294 S.W. 694 | Tex. App. | 1927

Appellant submits the proposition, first, that

"The rendering of a final judgment of permanent injunction against appellant upon an ex parte hearing of an application therefor, without notice or process served upon him is void, as without due process of law."

Although "the order sounds in terms of a final judgment," yet it is evident that the order was intended and should be held to award merely a preliminary injunction or temporary restraining order. It was indorsed "in Chambers," and the writ, according to its recitals, was to operate and be in force "during the pendency of this suit or until the further orders of this court." A hearing upon the merits is yet open to appellant, as the interlocutory injunction, being merely provisional in its nature, does not conclude such right. Being purely a preliminary injunction in legal force and effect, and not a final decree for a perpetual injunction, it was not error upon the part of the judge to grant the order without notice to appellant. Article 4654, R.S.; Houk v. Robinson (Tex.Civ.App.)160 S.W. 120; Williamson v. Cayo (Tex.Civ.App.) 198 S.W. 643.
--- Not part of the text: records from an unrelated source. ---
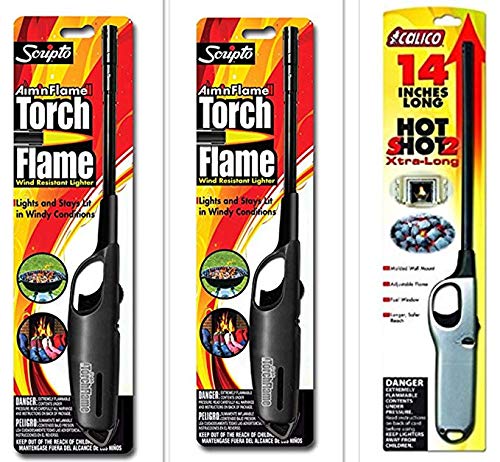 3 Pack Combo – 2 Pack Scripto Multi Purpose Wind Resistant Lighter (Assorted Color) + 1 Pack Calico Hot Shot 2 Xtra Long for Camping Grilling Home, Adjustable Flame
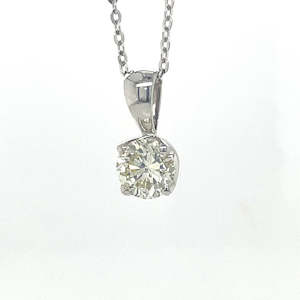 18k White Gold 1ct Diamond Pendant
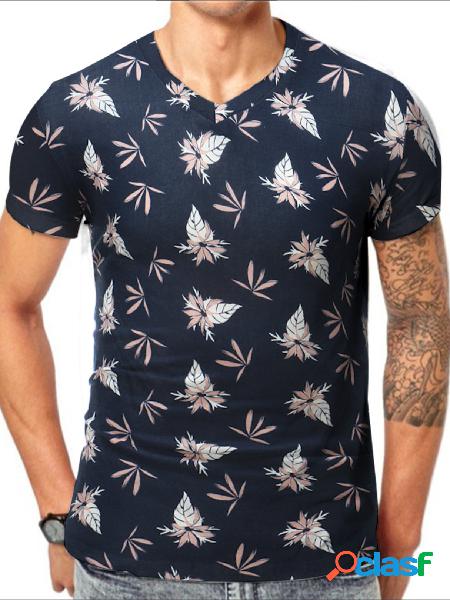 Masculino verão casual algodão Soft floral all over print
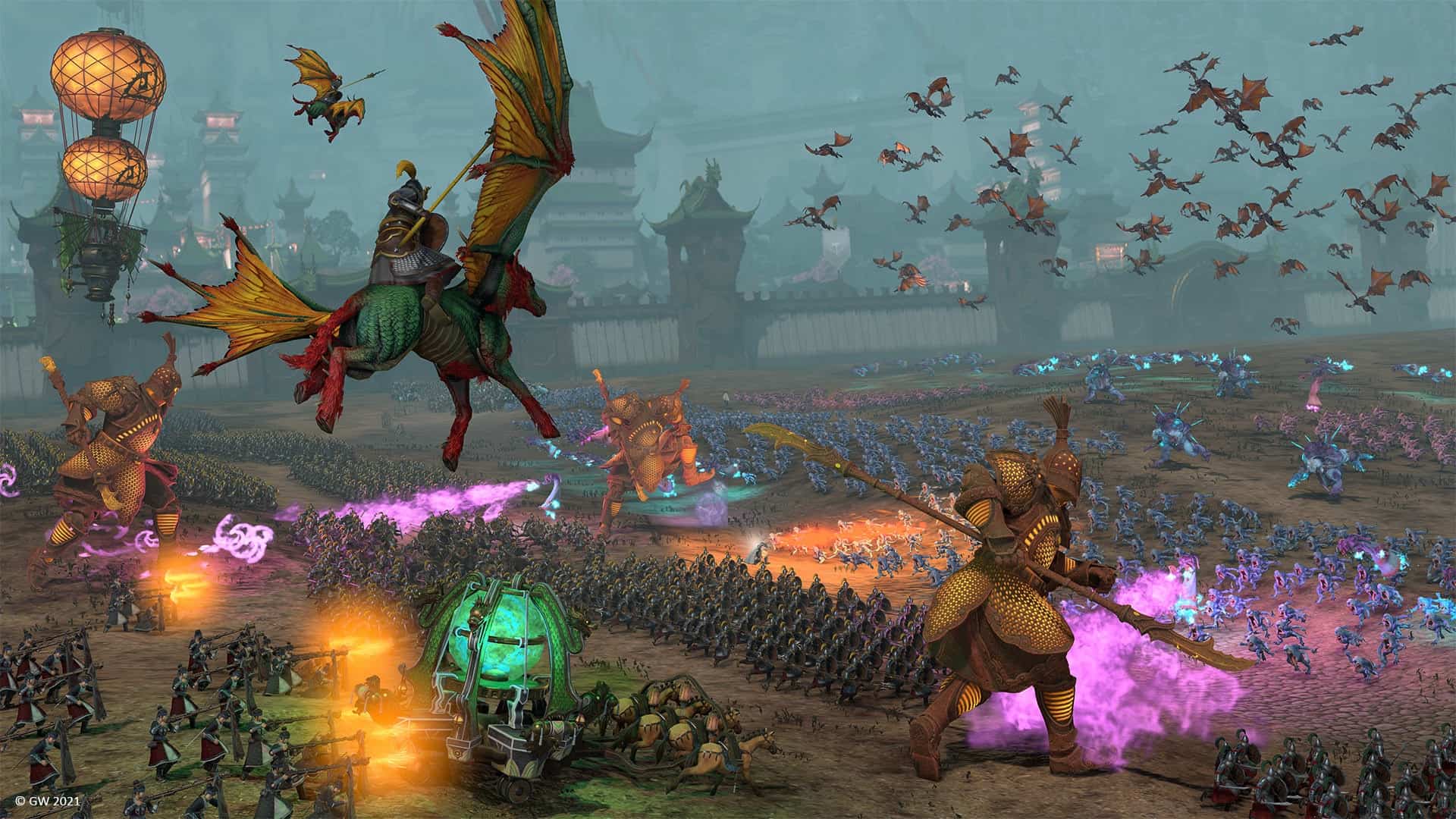 A fantasy battle scene with colorful, armored soldiers and mythical creatures in Total War: Warhammer III
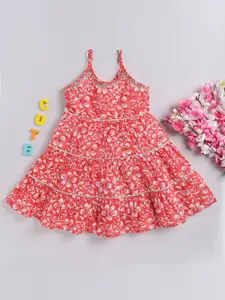 Toonyport Infant Girls Floral Printed Cotton Fit & Flare Dress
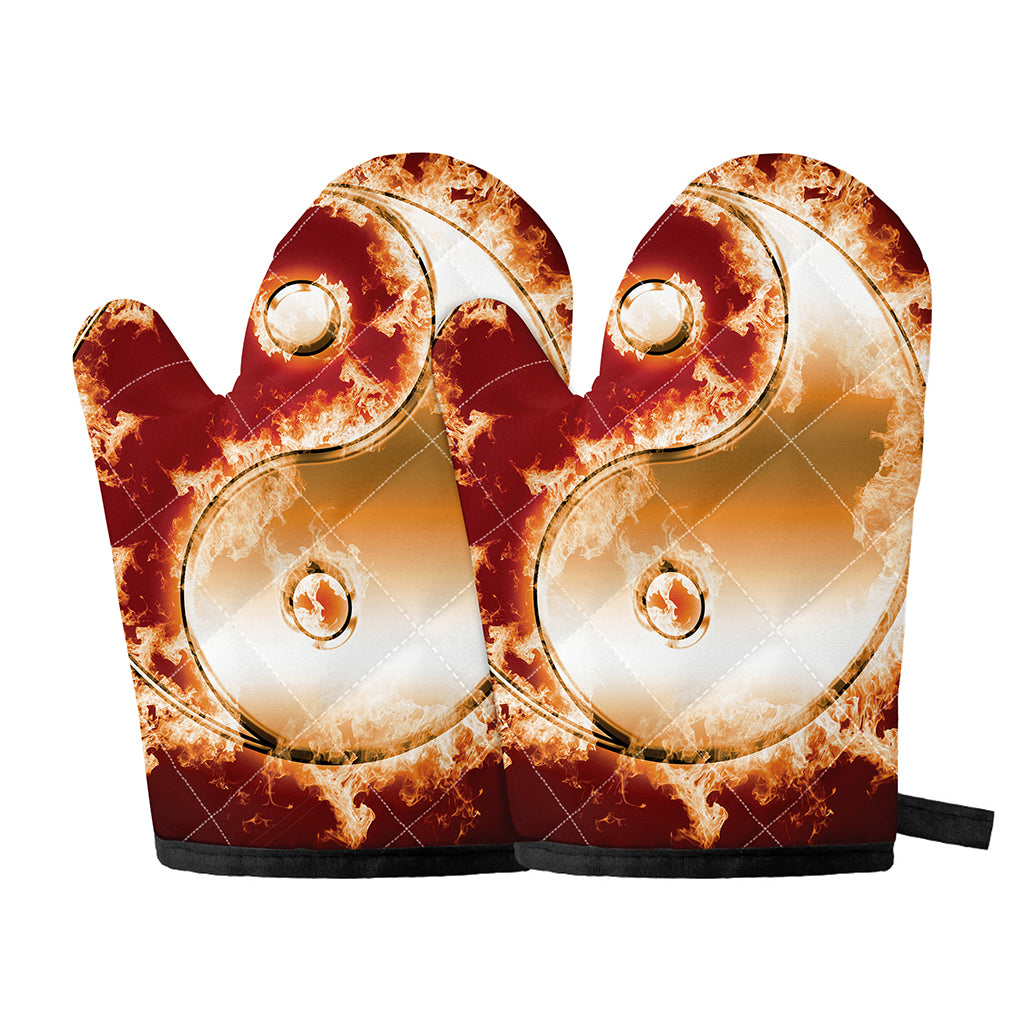 Flaming Yin Yang Print Oven Mitts
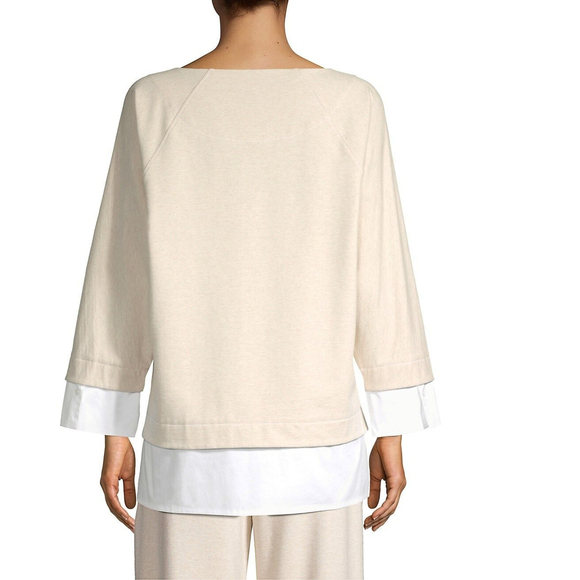 Lafayette 148 Duke Twofer tan and white long sleeve XS top - Picture 3 of 8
The appellant next insists that the order was void because (1) "the defendant is enjoined from the commission of a criminal act"; and (2) "it is founded on a petition subject to general demurrer." The petition does not seek relief against injuries which already have been committed, nor to restrain the probable doing only of "serious bodily injury to her, her children, and her mother." The acts are set up to show a well-grounded apprehension of special injury to the appellant, in violation of her private rights. The petition by intendment founds the right to relief against the repeated and unauthorized acts of the defendant in "coming to the home of this plaintiff at any and all hours of the night and day" and there continually acting in an offensive and threatening manner. Such unlawful behavior and conduct of defendant in respect to applicant's private home is connected with violations of her private and valuable rights. The enjoyment of lawful peace and private use of her home is thereby infringed upon, broken, and disturbed. The deprivation of these privileges, with the reasonable probability of indefinite continuation if no injunction is granted, is the sum of the complaint.
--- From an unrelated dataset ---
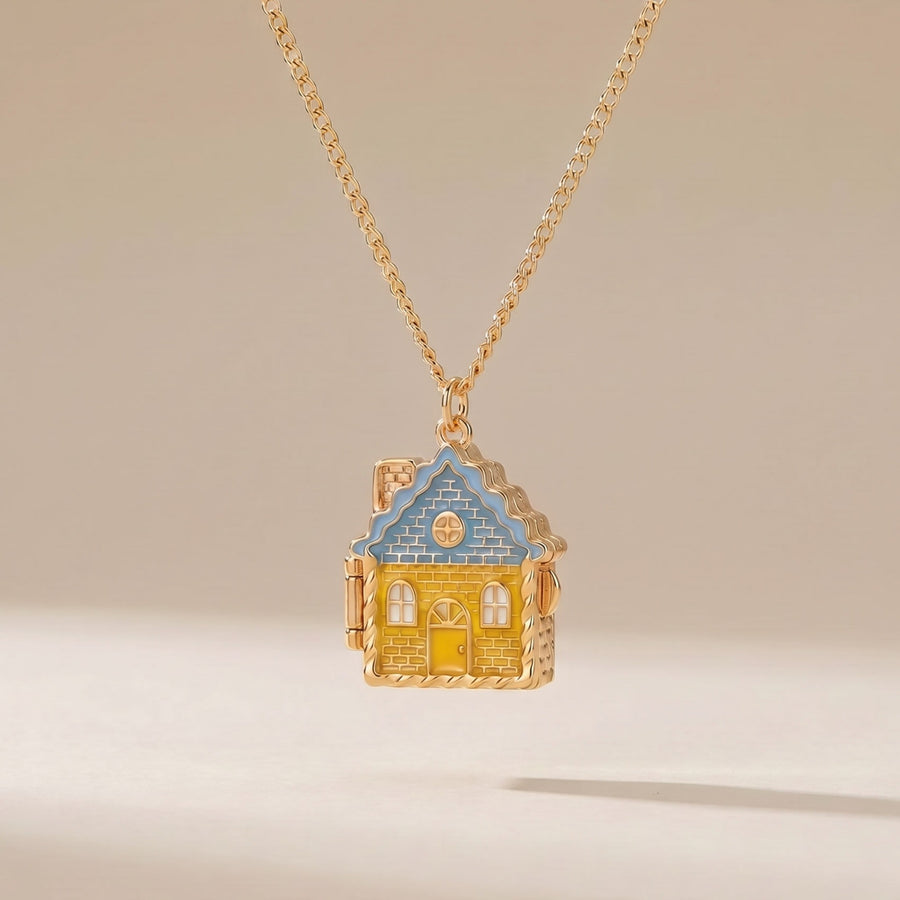 Gingerbread House Openable Pendant Necklace - Chain Necklace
There is involved in the second ground the point that the petition does not pray for a temporary injunction. It has been repeatedly held that the judge has no authority to grant a temporary injunction, such as the present one is, when there was no prayer for that character of relief. Boyd v. Dudgeon (Tex.Civ.App.) 192 S.W. 262; Hoskins v. Cauble (Tex.Civ.App.) 198 S.W. 629; Fort Worth Acid Works v. City of Fort Worth (Tex.Civ.App.) 248 S.W. 822. Accordingly, the judgment is reversed and judgment is here entered vacating the order, without prejudice in future proceedings on amended petition. The cost of the appeal is taxed against the appellee.
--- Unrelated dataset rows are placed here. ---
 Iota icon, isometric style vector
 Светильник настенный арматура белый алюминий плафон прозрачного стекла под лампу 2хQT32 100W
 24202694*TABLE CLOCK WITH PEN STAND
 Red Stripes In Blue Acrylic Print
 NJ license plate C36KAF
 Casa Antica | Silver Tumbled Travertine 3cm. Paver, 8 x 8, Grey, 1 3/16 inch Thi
We have noted the appellee's suggestion that "the court was authorized and had jurisdiction to add an injunction to the divorce decree, for the welfare and protection of the children involved." Even so, and assuming for the moment that the application was sufficient for the purpose, "proper notice thereof to the defendant" was first required to make the order legal, as expressly announced in the case cited.